◆ Prompt
Print exactly the lines from the one that contains "Then we zero-deck" through the final line of the entries below, both included, and nothing else; omit the pictures.
** Opening Records for the exercise block **
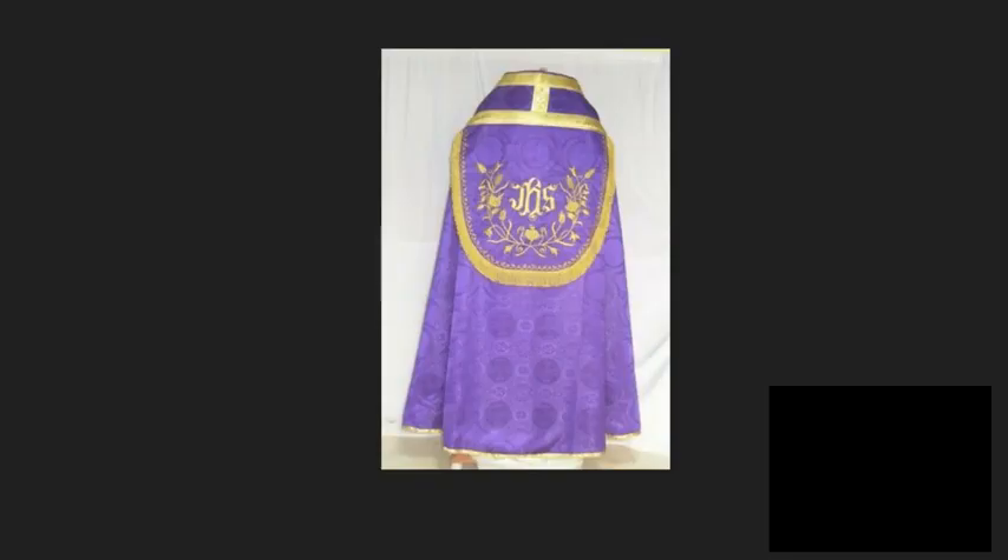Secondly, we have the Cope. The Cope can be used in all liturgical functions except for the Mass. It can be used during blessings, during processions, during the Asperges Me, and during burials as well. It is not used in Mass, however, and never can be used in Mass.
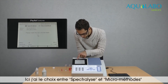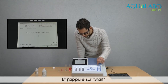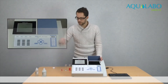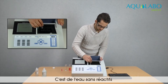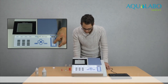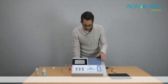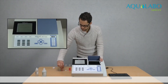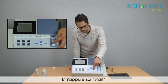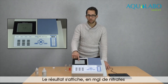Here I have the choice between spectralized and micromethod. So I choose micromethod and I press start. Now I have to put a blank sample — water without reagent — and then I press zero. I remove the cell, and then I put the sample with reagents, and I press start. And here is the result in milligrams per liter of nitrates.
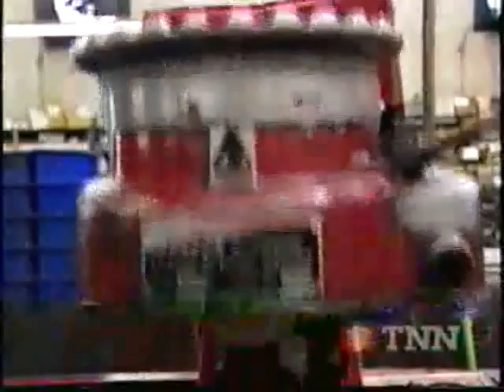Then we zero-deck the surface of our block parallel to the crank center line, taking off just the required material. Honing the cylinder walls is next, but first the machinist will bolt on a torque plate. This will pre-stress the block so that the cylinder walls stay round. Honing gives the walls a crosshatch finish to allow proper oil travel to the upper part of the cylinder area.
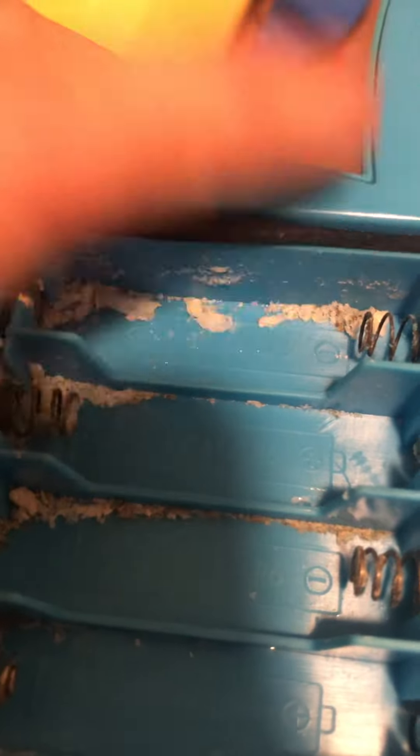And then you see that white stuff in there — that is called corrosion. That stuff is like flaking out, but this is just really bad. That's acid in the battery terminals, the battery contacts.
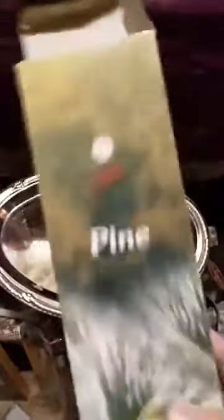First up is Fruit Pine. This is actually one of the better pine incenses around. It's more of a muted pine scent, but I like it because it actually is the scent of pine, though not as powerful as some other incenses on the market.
** Closing Records for the exercise block **
◆ Answer for the task
Then we zero-deck the surface of our block parallel to the crank center line, taking off just the required material. Honing the cylinder walls is next, but first the machinist will bolt on a torque plate. This will pre-stress the block so that the cylinder walls stay round. Honing gives the walls a crosshatch finish to allow proper oil travel to the upper part of the cylinder area.
And then you see that white stuff in there — that is called corrosion. That stuff is like flaking out, but this is just really bad. That's acid in the battery terminals, the battery contacts.
First up is Fruit Pine. This is actually one of the better pine incenses around. It's more of a muted pine scent, but I like it because it actually is the scent of pine, though not as powerful as some other incenses on the market.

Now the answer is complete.